Anthropogenic Carbon Cycle

The Subtopic Anthropogenic Carbon Cycle tackles the challenge of a future carbon-neutral society, which needs

  1. renewable energy sources,
  2. carbon-based materials recycling technologies, and
  3. integrated process chains

combining both of the aforementioned technologies.

Possible cycles of carbon in the circular economy

 

In a future independent of fossil hydrocarbons, carbon will be available from

  1. biomass,
  2. from anthropogenic wastes and residue streams, and from
  3. unavoidable concentrated CO2-streams.

Thus, the feedstock basis of chemical industry and transportation fuels will change dramatically. The manufacturing of chemical products always requires carbon feedstocks.

Feedstocks, material flows, processes and digitization of the Anthropogenic Carbon Cycle

Key-enabling technologies of a circular carbon economy (Anthropogenic Carbon Cycle)

  • Pyrolysis
    • Fast pyrolysis of (residual) biomass
    • Intermediate pyrolysis of plastic waste
  • Entrained flow gasification
  • Upgrading
  • Hot gas cleaning
  • Syngas fermentation
  • Structure-property-process relations of materials
  • Algae value chain

In the long-term, carbon-based compounds will be needed as energy carriers with high energy density and storability. In order to meet the targets of the Climate Protection Plan of the German Government, additional short-term measures need to be implemented specifically for the transportation sector. Advanced hydrocarbon fuels and oxygenates will have to play an important role in this scenario. The market introduction of these fuels can be based on the existing logistics infrastructure, which makes them especially important for the transition period. Their use will be an important long-term option for applications in which high energy density fuels are of particular importance.

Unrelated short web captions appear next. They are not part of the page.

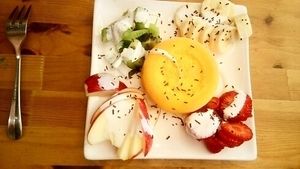 ice and fruit  at Princesa do Castelo in Lisbon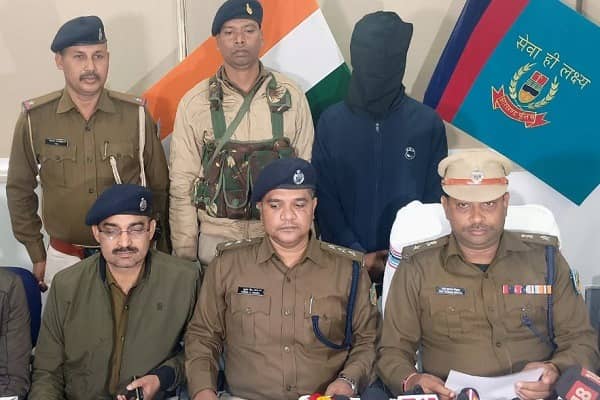 पहले मोबाइल चोरी की स्पेशल ट्रेनिंग, फिर भीड़भाड़ इलाके में बच्चे कर रहे थे हाथ साफ, पुलिस ने मास्टरमाइंड को दबोचा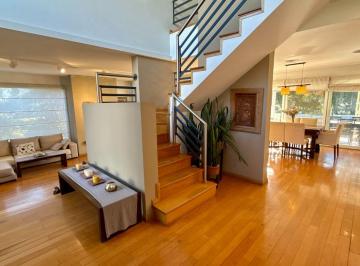 Casa · 205m² · 5 Ambientes · 2 Cocheras · Casa en Venta en La Alameda Nordelta
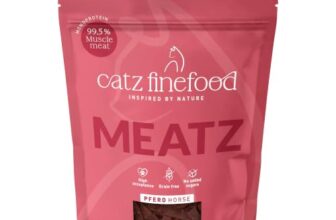catz finefood Meatz Katzen Leckerlies Pferd N° 15 – knusprige Streifen aus 100 Prozent Pferdefleisch – Katzensnack für Allergiker ohne Zucker, getreidefrei (1 x 45 g)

Plastic waste recycling has to be a major pillar of the carbon cycle concept. The updated European Union regulatory framework forming the basis for national legislation sets the CE targets to be incorporated into the climate objectives: the 2008 Waste Framework Directive in which recovery operations/ recycling were made the guiding principle demands 65 weight-% recycling of municipal solid waste by 2030. A dramatic change in plastics recycling is required by the first EU plastics strategy (2018): 55 % of plastic waste will have to be recycled in 2030. This is equivalent to a surplus recycling capacity of approx. 11 million t/a in the EU.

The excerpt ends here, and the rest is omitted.